Très peu de personnes comprennent ce qu'il se passe avec l'IA. Dans les débats sur la présidentielle aux US, il n'y a eu aucune question sur l'IA. Certaines personnes comme Elon Musk le savent... Il faut tenter de rectifier cela.

 

Le sujet numéro 1, c'est l'immigration, parce qu'on a peur que les immigrés viennent prendre nos emplois, changer nos modes de vie. Si vous êtes inquiets de cela, votre crainte devrait être vis-à-vis des migrants des US — les IA — des Intelligences Autres qui ont des idées totalement différentes...

 

 

 

 

D'autres propos ont été tenus, en particulier sur les aspects géo-politiques de l'IA, au coeur de la compétition entre les US et la Chine. Je m'en tiens ici au coeur du sujet, avec l'envie d'approfondir certains des concepts explicités dans ce récit passionnant qu'est Nexus. Ce sera l'objet de prochains billets.

 

∗  ∗

 

 

Extrait de Nexus (épilogue) :

 

À ce que nous en savons aujourd’hui, singes, rats et autres animaux organiques de la planète Terre pourraient bien être les seules entités conscientes dans tout l’univers. Nous avons désormais créé une intelligence autre, non consciente mais très puissante. Si nous en faisons mauvais usage, l’IA pourrait mettre fin non seulement à la domination humaine sur cette planète, mais à la lumière de la conscience elle-même, transformant l’univers en royaume des ténèbres. Il est de notre responsabilité d’empêcher que cela arrive.

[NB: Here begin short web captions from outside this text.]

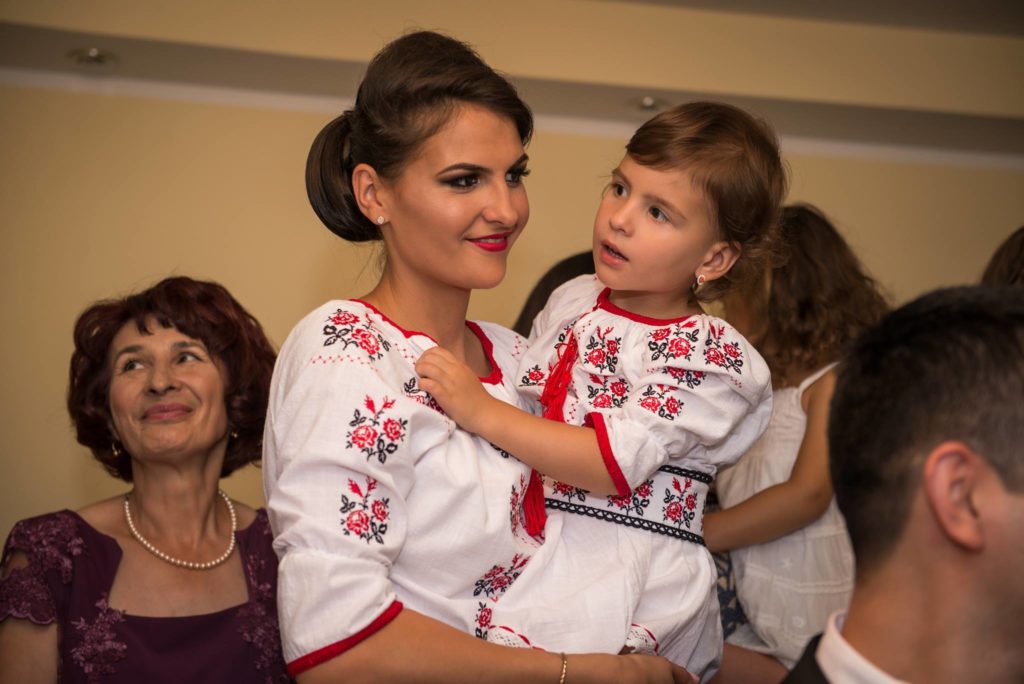 ie traditionala camasa populara (5)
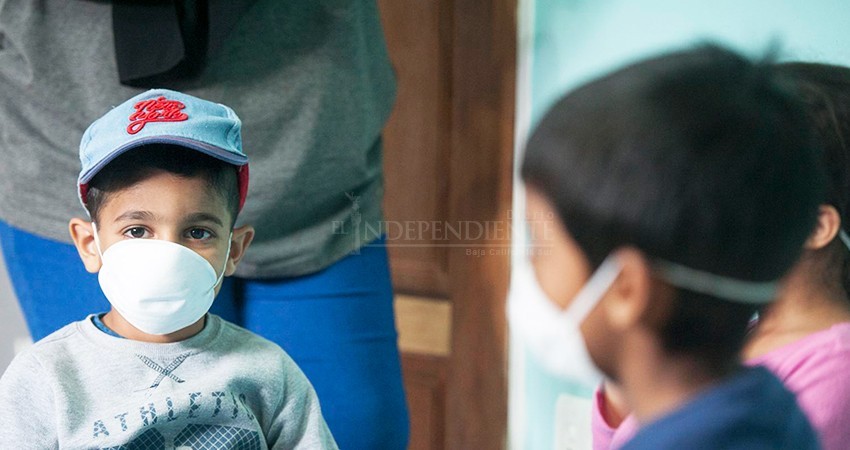 Por navidad: Tiendas permitirán ingreso de niños y mayores “bajo su riesgo”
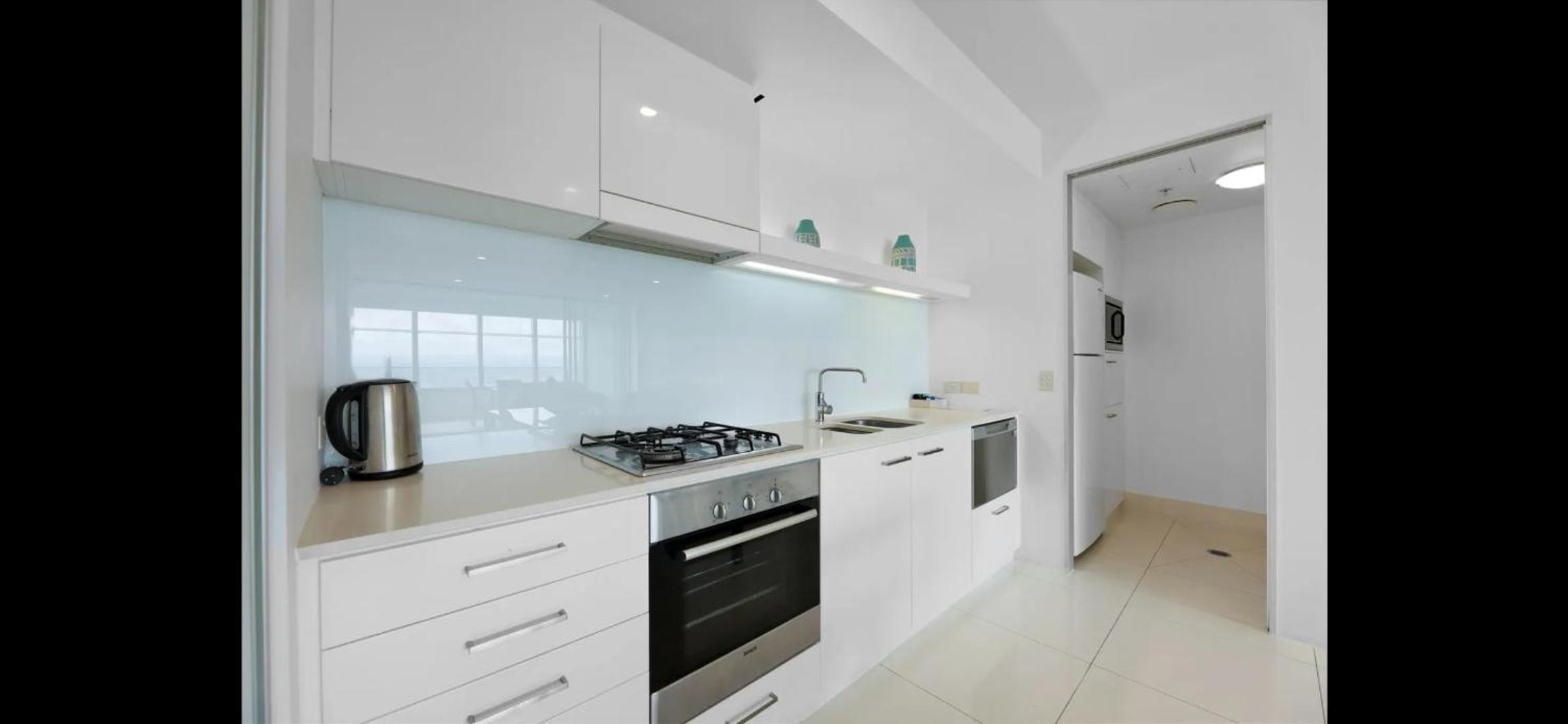 Level 36 Skyline View Lux Private Apartment - 2BR 1B 1C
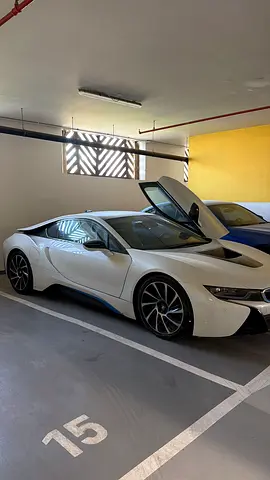 2015 BMW I8 — фото 2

La bonne nouvelle, c’est qu’à la condition de ne pas se laisser aller à la complaisance ni au désespoir, nous sommes capables de créer des réseaux d’information équilibrés qui contrôleront leur propre pouvoir. [...] 

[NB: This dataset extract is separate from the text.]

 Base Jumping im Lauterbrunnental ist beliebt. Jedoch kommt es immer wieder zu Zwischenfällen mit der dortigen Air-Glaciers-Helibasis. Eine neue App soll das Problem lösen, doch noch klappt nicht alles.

Cette sagesse est bien plus ancienne encore que l’histoire humaine. Elle est élémentaire, c’est le fondement même de la vie organique. Les premiers organismes n’ont pas été créés par un génie ou un dieu infaillible. Ils sont apparus par le biais d’un processus complexe d’essais et d’erreurs. Pendant 4 milliards d’années, des mécanismes de mutation et d’autocorrection de plus en plus complexes ont conduit à l’évolution des arbres, des dinosaures, des jungles et, finalement, des humains. Nous avons maintenant invoqué une intelligence autre, non organique, qui pourrait bien échapper à notre contrôle et mettre en danger non seulement notre espèce mais une multitude d’autres formes de vie. Les choix que nous ferons au cours des années à venir détermineront si le fait d’avoir donné le jour à cette intelligence fut une erreur fatale, ou s’il marque le début d’un nouveau chapitre plein d’espoir de l’évolution de la vie.